:: TASK OBJECTIVE ::
Find the line with "Hotel Hotelovy A" and the line with "24 Pimpinella Pass, Mernda VIC 3754" in the entries below; output exactly those two lines, every line between them, and no others.

:: RECORDS PROVIDED ::
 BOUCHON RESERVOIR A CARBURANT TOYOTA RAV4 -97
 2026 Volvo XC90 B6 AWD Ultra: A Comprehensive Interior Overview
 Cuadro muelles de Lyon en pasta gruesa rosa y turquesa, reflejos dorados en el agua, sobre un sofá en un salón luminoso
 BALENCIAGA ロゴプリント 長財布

--

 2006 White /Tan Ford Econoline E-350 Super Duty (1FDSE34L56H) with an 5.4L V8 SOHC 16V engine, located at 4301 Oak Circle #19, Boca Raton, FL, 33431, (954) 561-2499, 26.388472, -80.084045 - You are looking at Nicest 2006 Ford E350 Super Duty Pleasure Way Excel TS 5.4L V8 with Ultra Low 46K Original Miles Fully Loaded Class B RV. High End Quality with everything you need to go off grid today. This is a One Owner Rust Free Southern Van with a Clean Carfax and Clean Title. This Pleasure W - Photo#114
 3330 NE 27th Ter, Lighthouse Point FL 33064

...

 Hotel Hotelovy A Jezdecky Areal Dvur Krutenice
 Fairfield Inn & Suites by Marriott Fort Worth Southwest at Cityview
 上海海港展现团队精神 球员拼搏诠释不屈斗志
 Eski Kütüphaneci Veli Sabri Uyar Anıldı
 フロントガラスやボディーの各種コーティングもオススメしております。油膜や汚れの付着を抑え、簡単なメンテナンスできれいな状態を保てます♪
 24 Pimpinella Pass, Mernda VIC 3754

:: SOLUTION FOR THIS PROBLEM ::
 Hotel Hotelovy A Jezdecky Areal Dvur Krutenice
 Fairfield Inn & Suites by Marriott Fort Worth Southwest at Cityview
 上海海港展现团队精神 球员拼搏诠释不屈斗志
 Eski Kütüphaneci Veli Sabri Uyar Anıldı
 フロントガラスやボディーの各種コーティングもオススメしております。油膜や汚れの付着を抑え、簡単なメンテナンスできれいな状態を保てます♪
 24 Pimpinella Pass, Mernda VIC 3754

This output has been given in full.